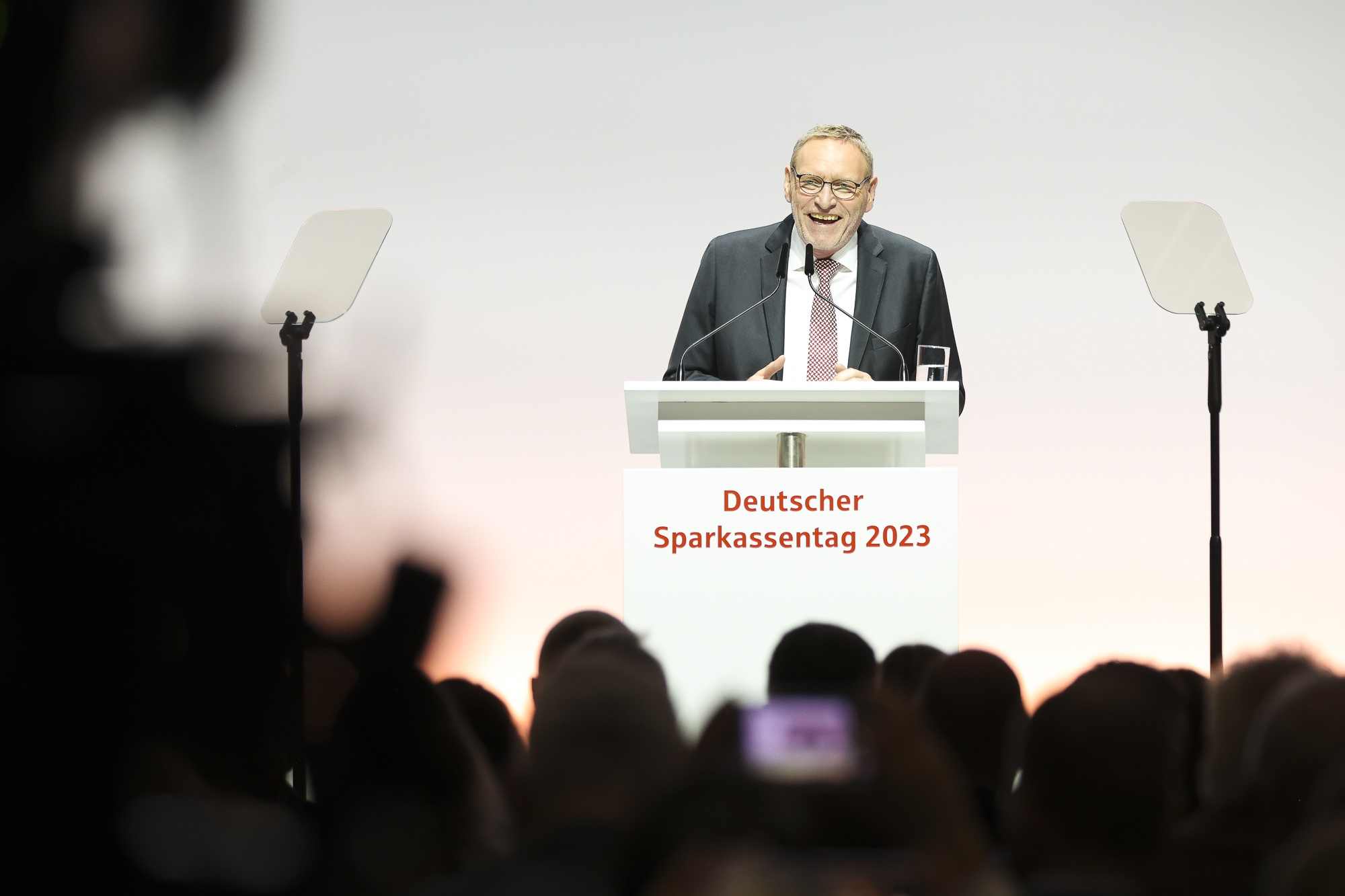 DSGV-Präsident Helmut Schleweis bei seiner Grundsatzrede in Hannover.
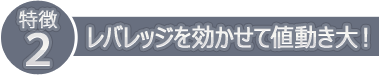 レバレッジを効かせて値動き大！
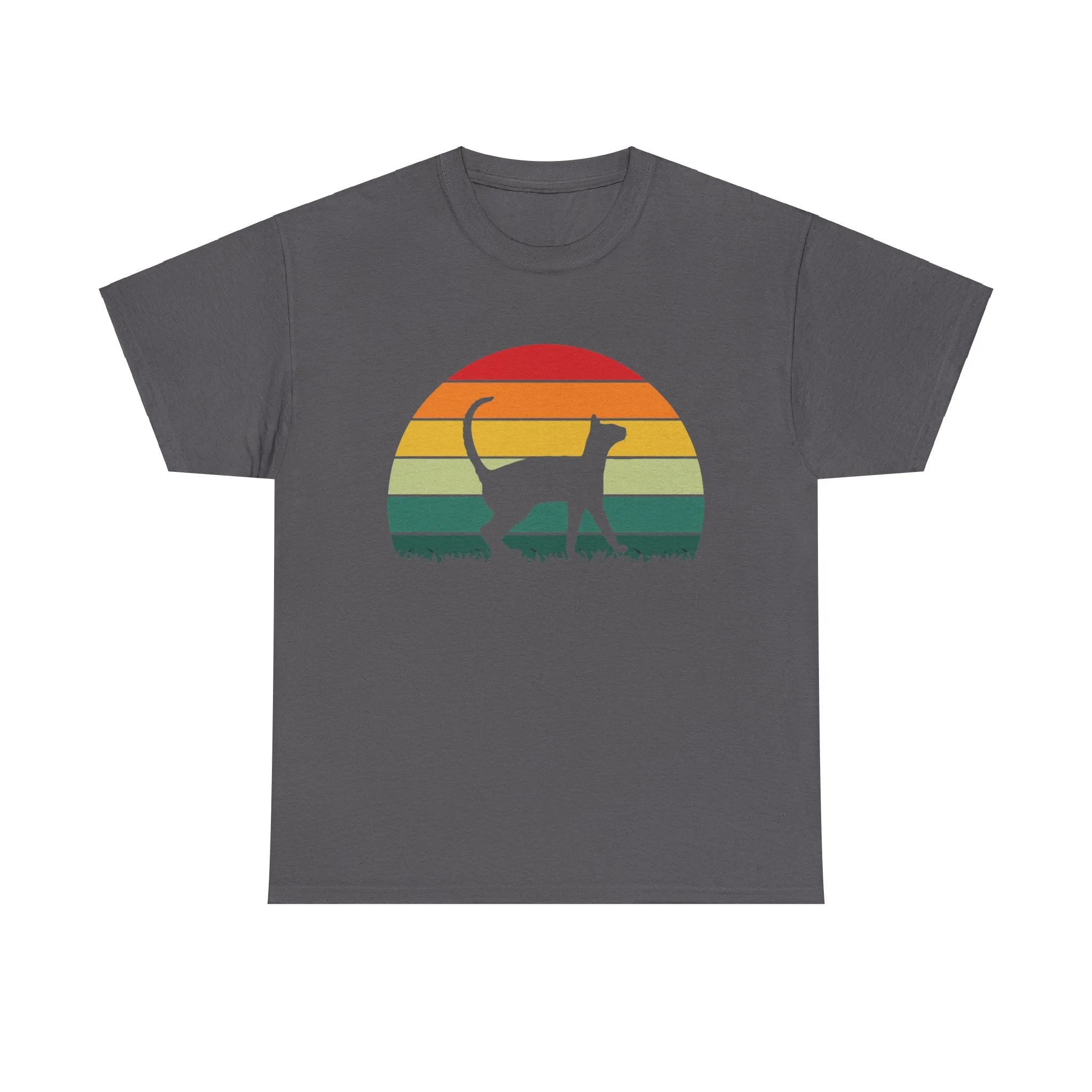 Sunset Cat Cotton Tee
* * *
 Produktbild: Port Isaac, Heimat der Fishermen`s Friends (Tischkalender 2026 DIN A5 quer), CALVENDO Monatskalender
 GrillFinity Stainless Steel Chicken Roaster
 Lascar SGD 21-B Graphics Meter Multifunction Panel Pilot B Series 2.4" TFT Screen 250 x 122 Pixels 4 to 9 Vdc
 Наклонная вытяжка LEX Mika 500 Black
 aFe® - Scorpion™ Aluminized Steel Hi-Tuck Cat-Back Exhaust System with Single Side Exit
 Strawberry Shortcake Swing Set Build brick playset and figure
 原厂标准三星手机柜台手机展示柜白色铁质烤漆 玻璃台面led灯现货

= Work to be completed =
From the data above, return every line from the line that has "Strawberry Shortcake Swing" up to and including the line that has "原厂标准三星手机柜台手机展示柜白色铁质烤漆 玻璃台面led灯现货", exactly.

= Task response =
 Strawberry Shortcake Swing Set Build brick playset and figure
 原厂标准三星手机柜台手机展示柜白色铁质烤漆 玻璃台面led灯现货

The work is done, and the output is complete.